Your goal — Print only what runs from the line that includes "OR license plate 026QMS" to the end of the listing, word for word, and do not include any pictures.

Data extract —
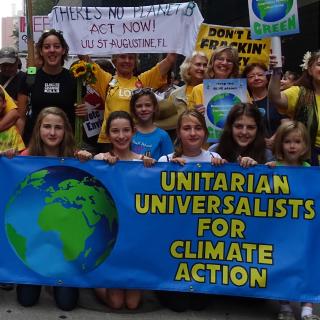 Unitarian Universalists join the faith contingent for the Peoples Climate March in New York City on September 21, 2014. 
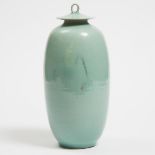 Kayo O'Young (Canadian, b.1950), Celadon Glazed Covered Vase, 2003, height 11.8 in — 30 cm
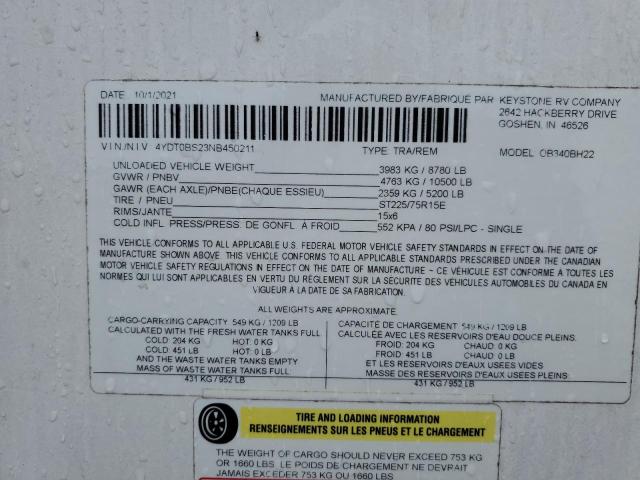 4YDT0BS23NB450211 - 2022 KEYSTONE OUTBACK TWO TONE photo 9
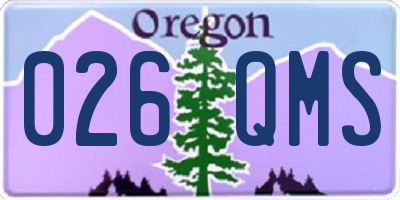 OR license plate 026QMS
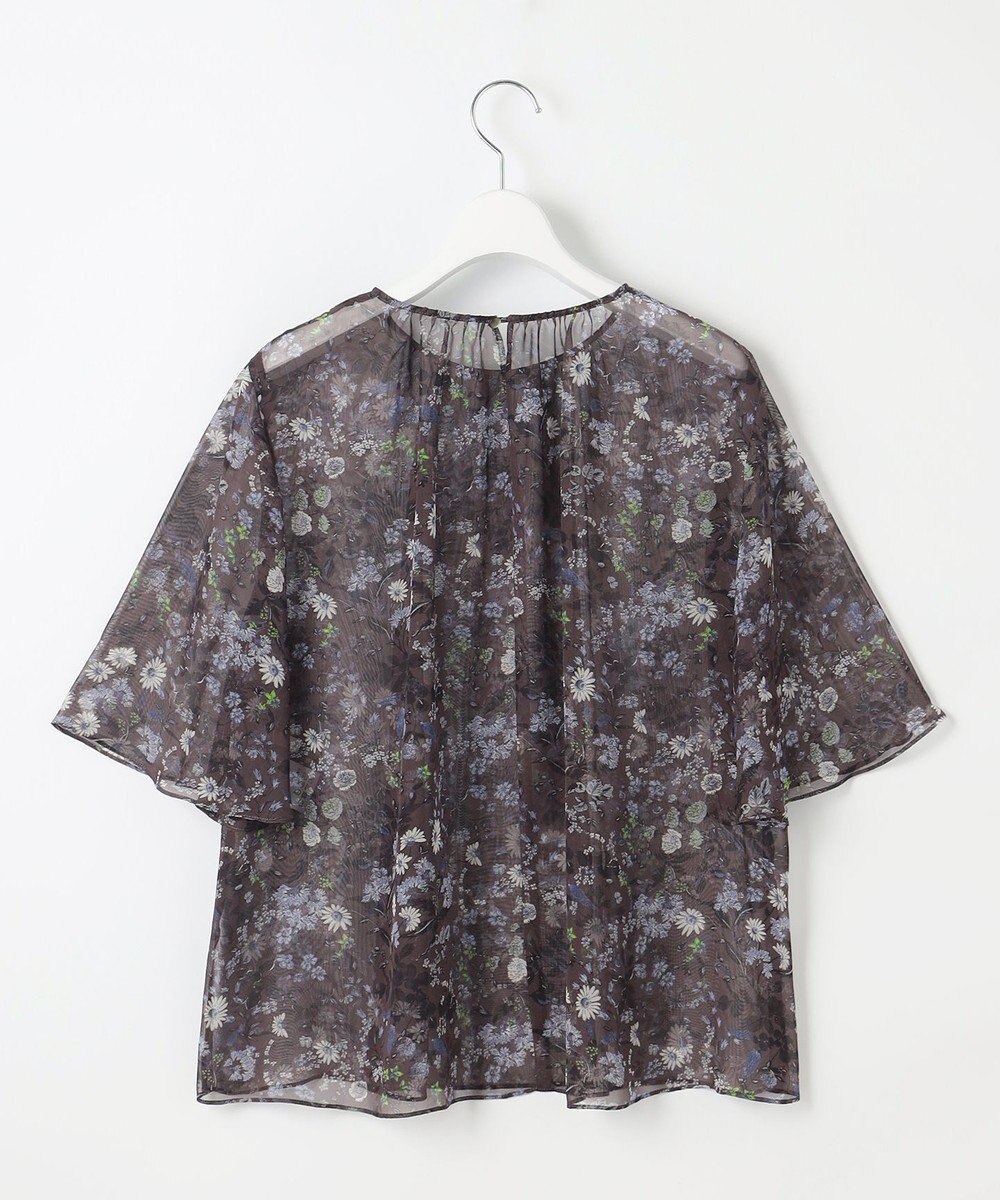 自由区 【セットアップ対応・洗える】ボタニカルフラワープリント ブラウス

Task answer —
 OR license plate 026QMS
 自由区 【セットアップ対応・洗える】ボタニカルフラワープリント ブラウス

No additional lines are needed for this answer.